Bahkan, saat itu, untuk menutupi kebutuhan kuliah, dia harus bekerja sampingan sebagai tukang ojek.
"Saat kuliah di Jakarta, saya bekerja sampingan menjadi tukang ojek dari pukul 15.00 sampai pukul 21.00."
"Dari hasil ojek, saya mendapatkan tambahan pendapatan Rp 7.000 hingga Rp 12.000," kata Rochmat.
Pengalaman pahit itu yang membuat Rochmat berjuang tak hanya membiayai sekolah, tapi juga kebutuhan hidup anak-anak asuhnya.

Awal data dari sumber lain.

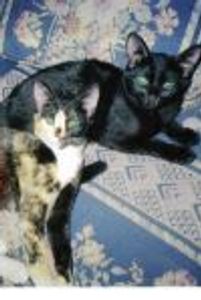 collins Profile Photo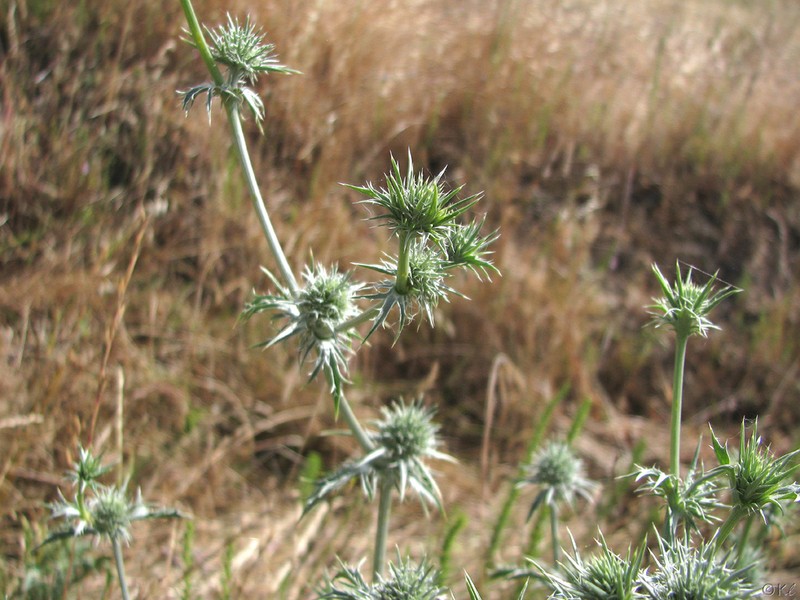 Spinysepal Eryngo photo 6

Perjuangan yang dilakukan Rochmat itu berlangsung selama lebih dari 10 tahun.
"Kalau anak-anak mau sekolah sampai perguruan tinggi, ya saya siap tanggung biayanya."
"Dari mereka, kini ada yang sudah jadi polisi, guru, hingga pegawai bank," kata Rochmat.
Namun, tentu saja keinginan tersebut tak semudah membalikkan telapak tangan.
Apalagi gaji Rochmat per bulannya terbilang pas-pasan.
Dilansir dari Bangkapos.com, dalam sebulan, rata-rata Rochmat harus mengeluarkan biaya Rp 8 juta untuk makan dan uang saku anak asuhnya.
Setiap harinya, Rochmat harus memasak delapan kilogram beras, belum termasuk lauk-pauk yang harus disediakan.